EXERCISE GOAL:
Below are some entries. Transcribe the lines from the one holding "Ưu điểm tăng mắt livestream Facebook" to the one holding "LB 3X5ft The", inclusive, but not the pictures among them.

DATA TO EXAMINE:
#####

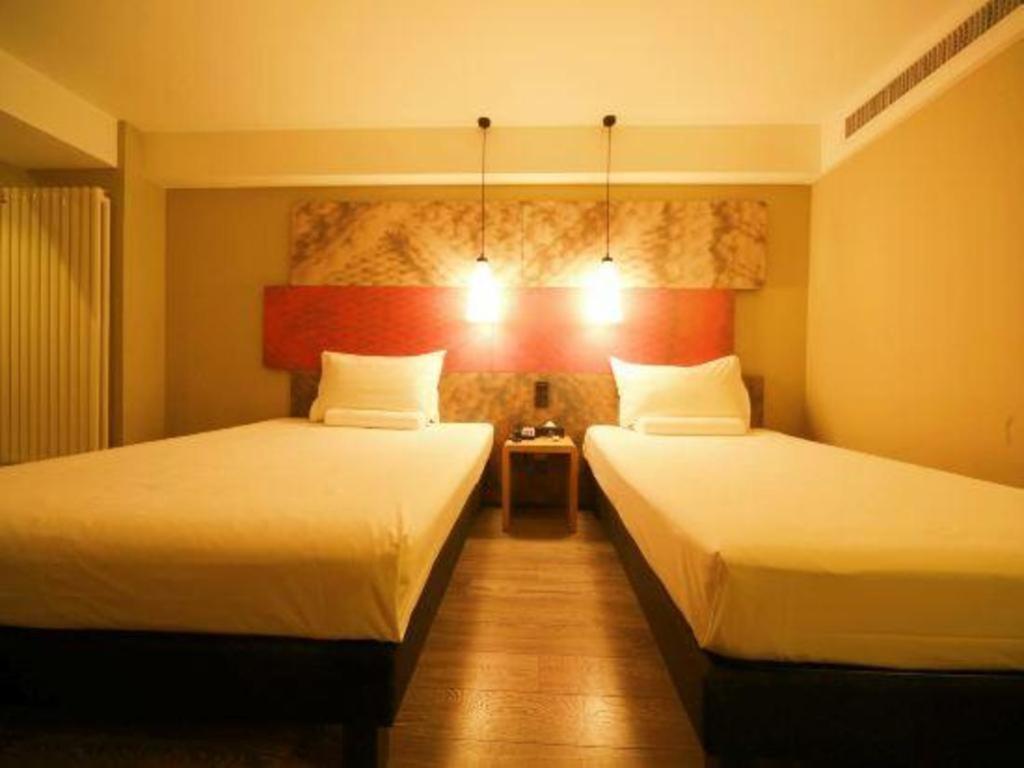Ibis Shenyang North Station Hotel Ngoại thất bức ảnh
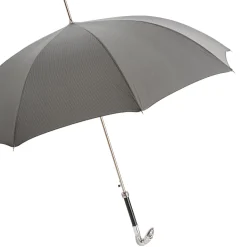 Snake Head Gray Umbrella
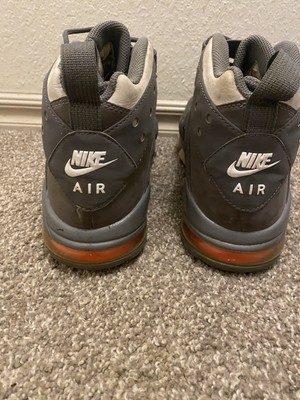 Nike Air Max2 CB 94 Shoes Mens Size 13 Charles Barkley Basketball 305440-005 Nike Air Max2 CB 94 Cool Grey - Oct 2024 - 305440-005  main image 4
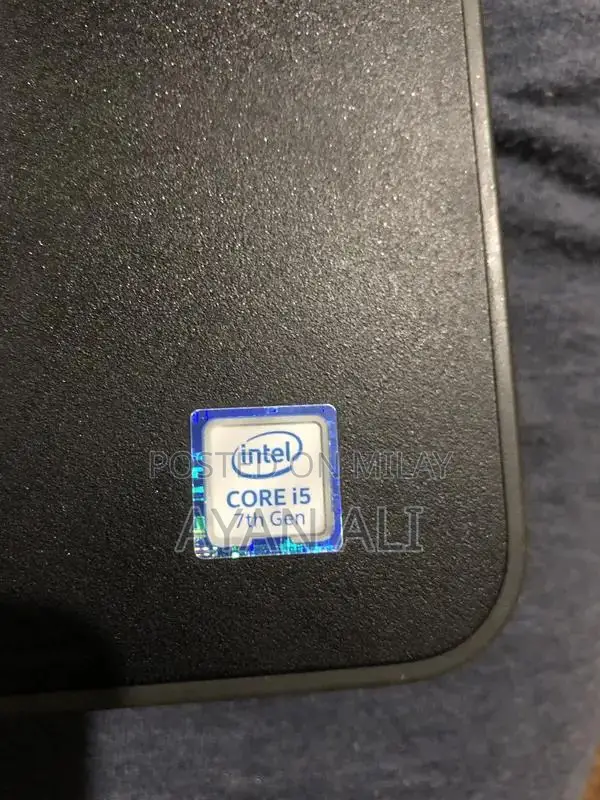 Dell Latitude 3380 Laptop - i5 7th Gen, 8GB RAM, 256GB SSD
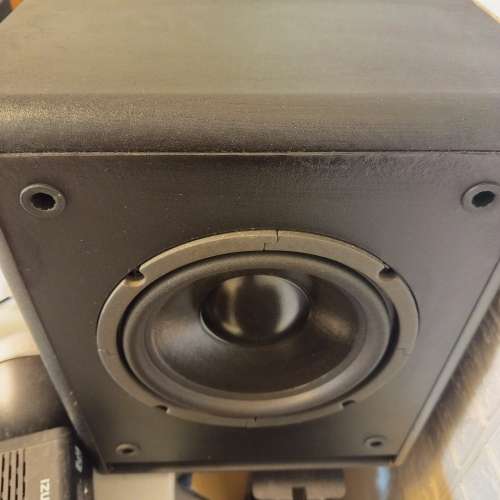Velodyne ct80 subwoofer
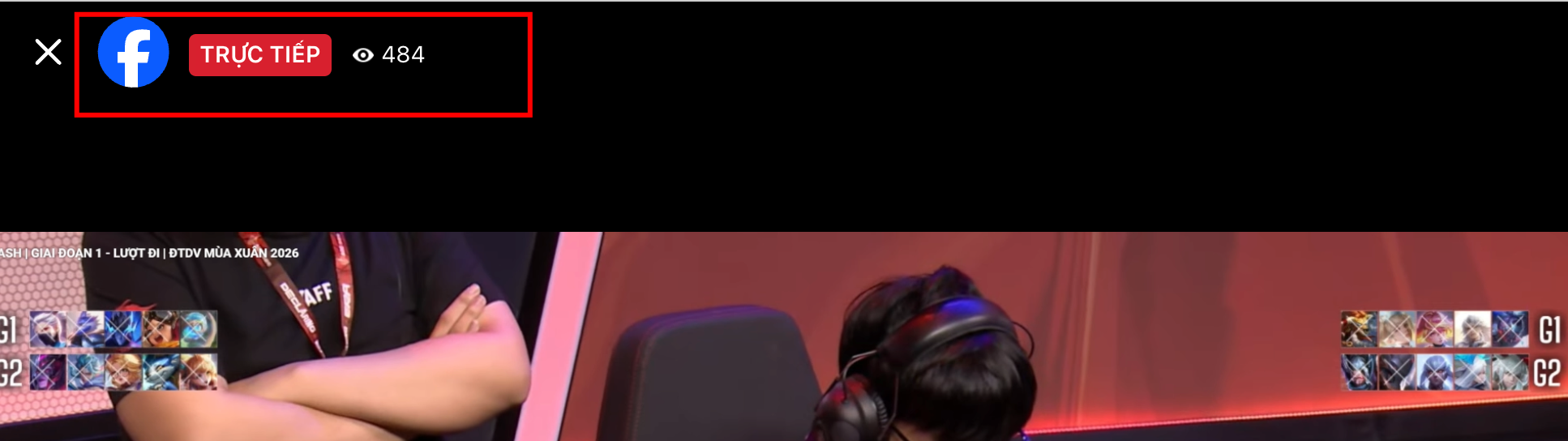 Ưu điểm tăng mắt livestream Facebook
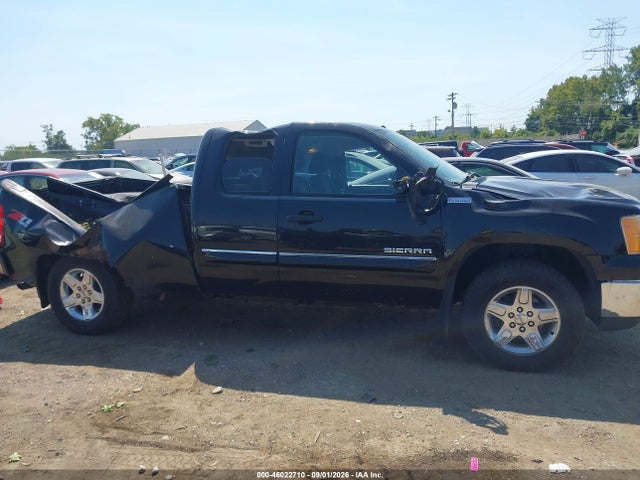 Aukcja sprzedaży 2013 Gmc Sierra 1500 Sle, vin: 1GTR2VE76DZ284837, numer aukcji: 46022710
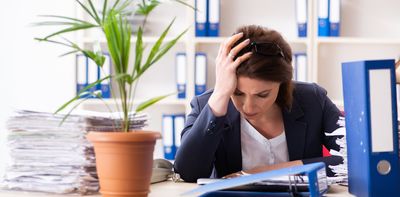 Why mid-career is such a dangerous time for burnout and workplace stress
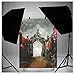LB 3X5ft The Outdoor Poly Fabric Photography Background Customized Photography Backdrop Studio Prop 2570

#####

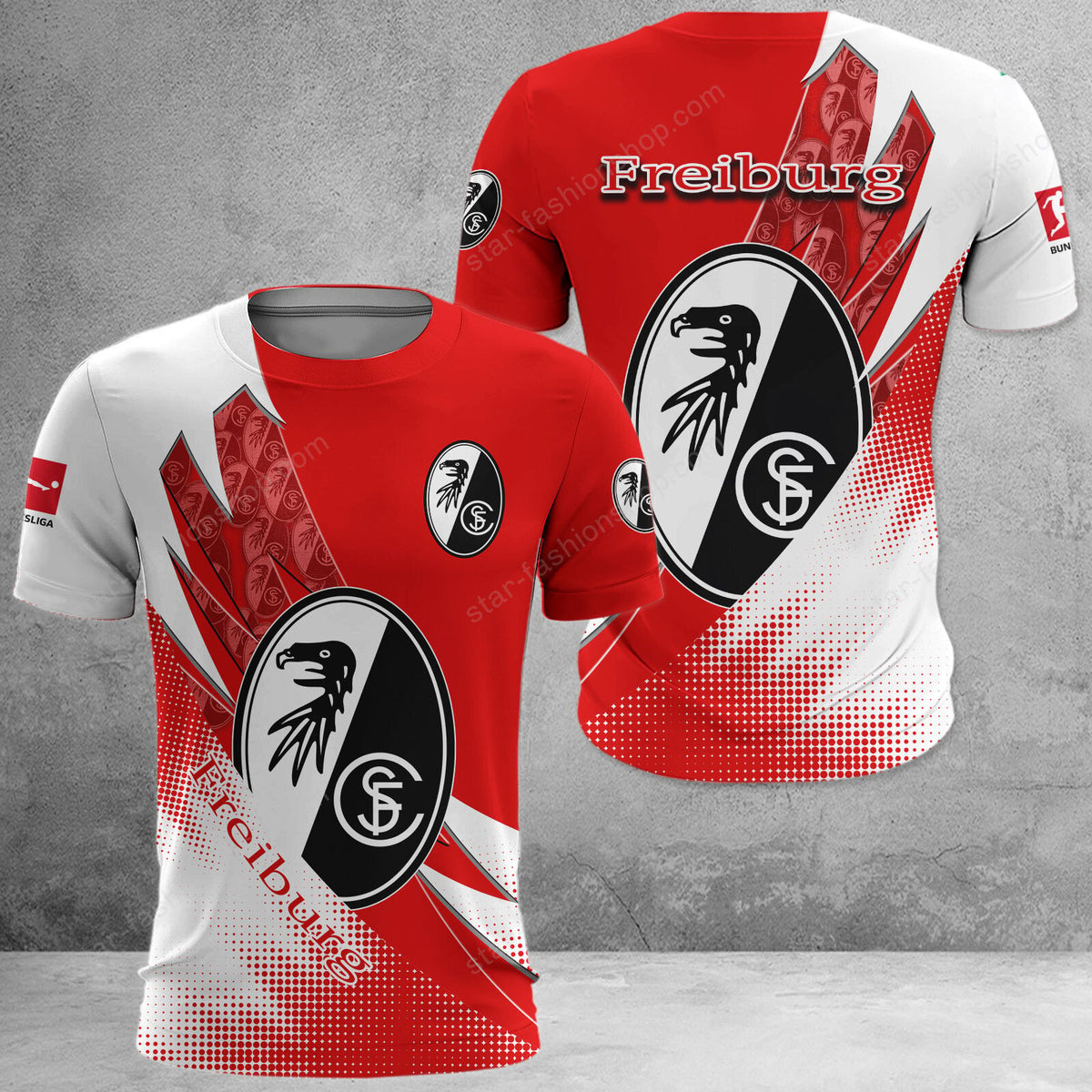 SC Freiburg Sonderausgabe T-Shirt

#####

YOUR RESPONSE:
 Ưu điểm tăng mắt livestream Facebook
 Aukcja sprzedaży 2013 Gmc Sierra 1500 Sle, vin: 1GTR2VE76DZ284837, numer aukcji: 46022710
 Why mid-career is such a dangerous time for burnout and workplace stress
LB 3X5ft The Outdoor Poly Fabric Photography Background Customized Photography Backdrop Studio Prop 2570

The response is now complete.